── Data shown ──

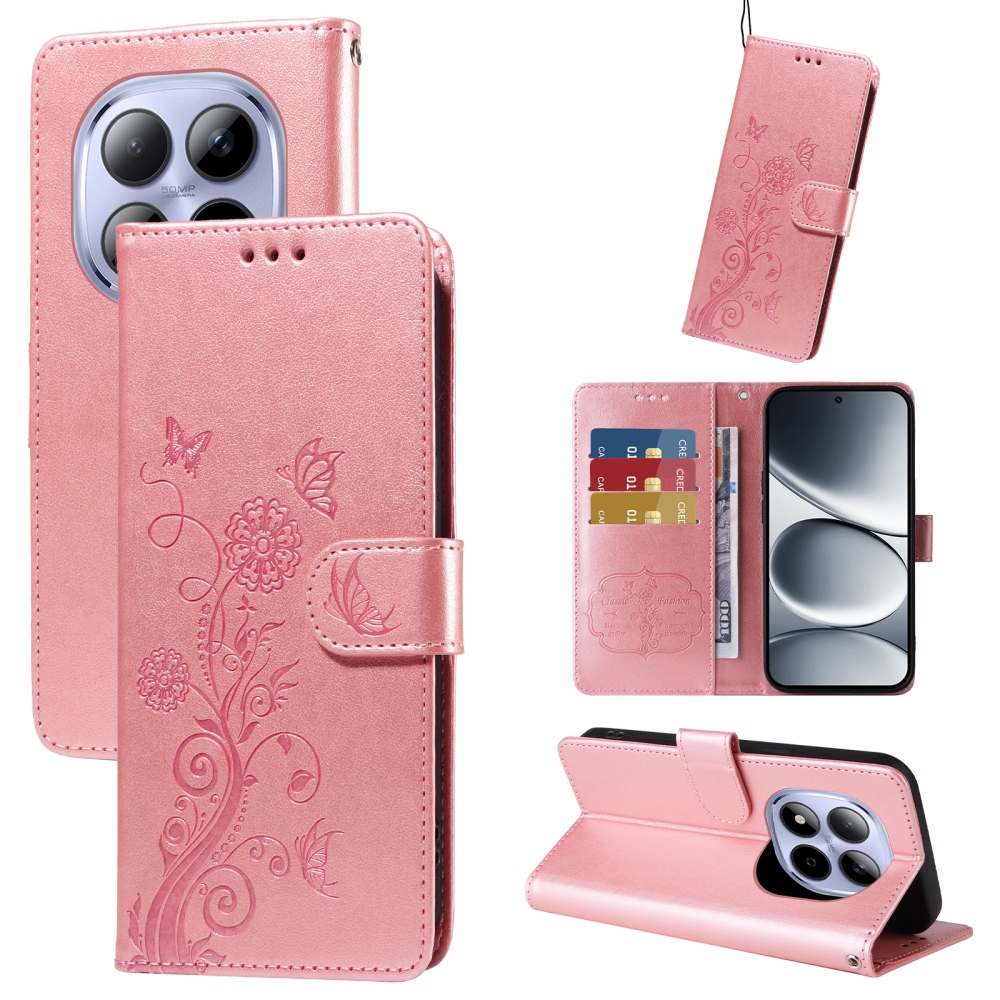 Flowery knížkové pouzdro na Xiaomi Redmi Note 15 Pro 4G - růžové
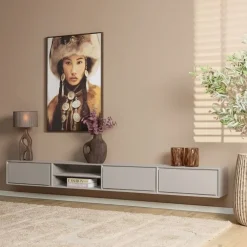 Tony Zwevend Tv meubel Taupe Mangohout 280 cm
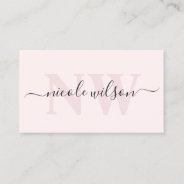 Elegant Minimalist Pink Monogram Name  Business Card at Zazzle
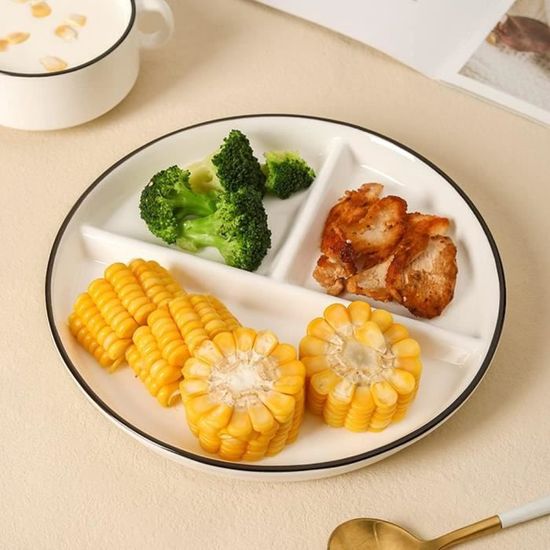 Assiette Compartiment Adulte Porcelaine, Assiette de Contrôle de Portions,  Assiette Divisée en 3 Regime, pour Salade, Dessert,[595] - Cdiscount Maison
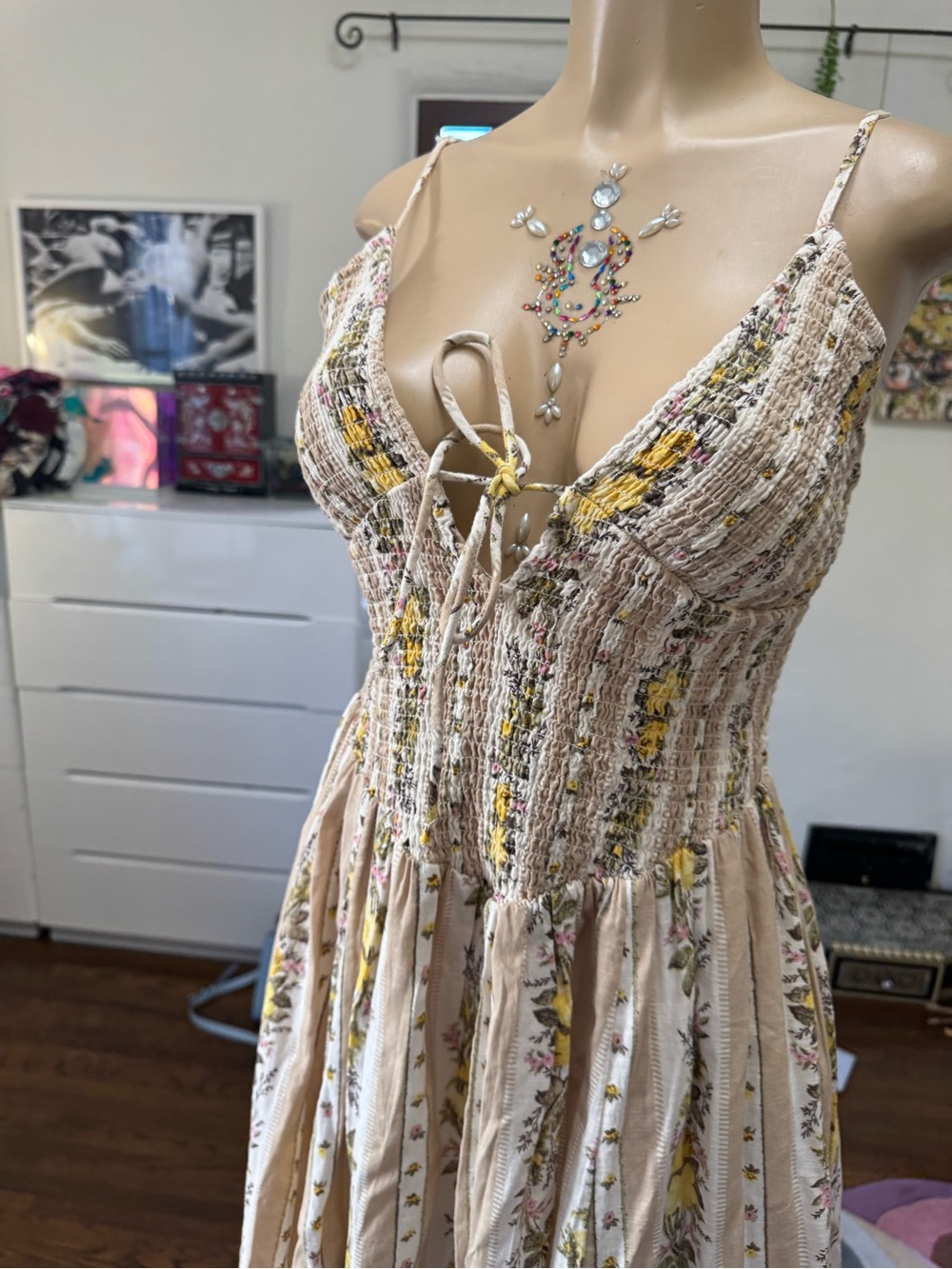 Floral Smocked Bodice Spaghetti-Strap Maxi Dress in Beige and Yellow size M - Picture 2 of 11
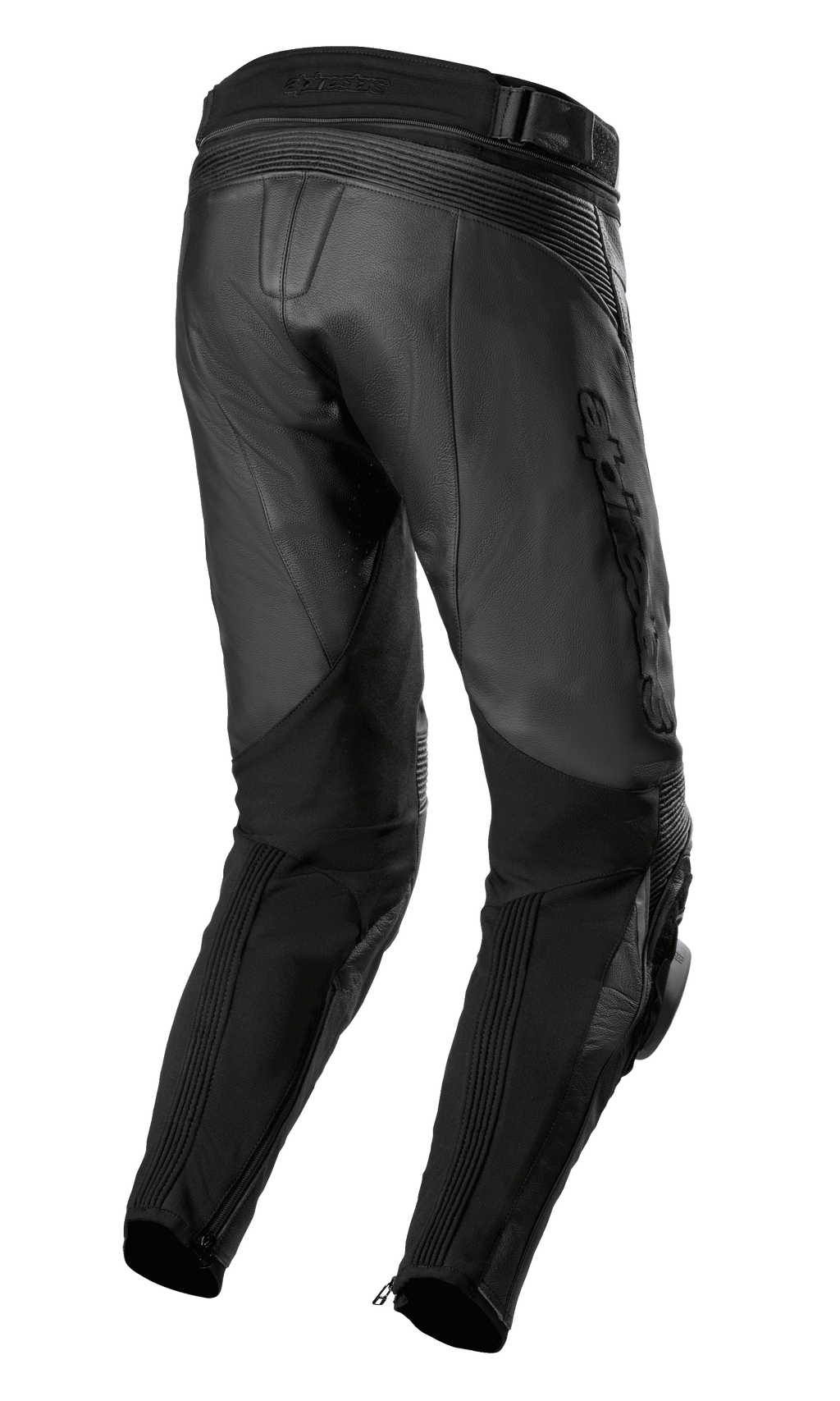 Alpinestars Missile V3 Airflow Leren Broek, zwart, achteraanzicht met premium lederen constructie, accordeon stretchzones boven de knie, hoge taille aan de achterzijde en flexibele stretchpanelen op de kuiten met enkelritsen.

───

Omit every picture, and please return the entries exactly from the first line through the line with "Floral Smocked Bodice", both included.

 Flowery knížkové pouzdro na Xiaomi Redmi Note 15 Pro 4G - růžové
 Tony Zwevend Tv meubel Taupe Mangohout 280 cm
 Elegant Minimalist Pink Monogram Name  Business Card at Zazzle
 Assiette Compartiment Adulte Porcelaine, Assiette de Contrôle de Portions,  Assiette Divisée en 3 Regime, pour Salade, Dessert,[595] - Cdiscount Maison
 Floral Smocked Bodice Spaghetti-Strap Maxi Dress in Beige and Yellow size M - Picture 2 of 11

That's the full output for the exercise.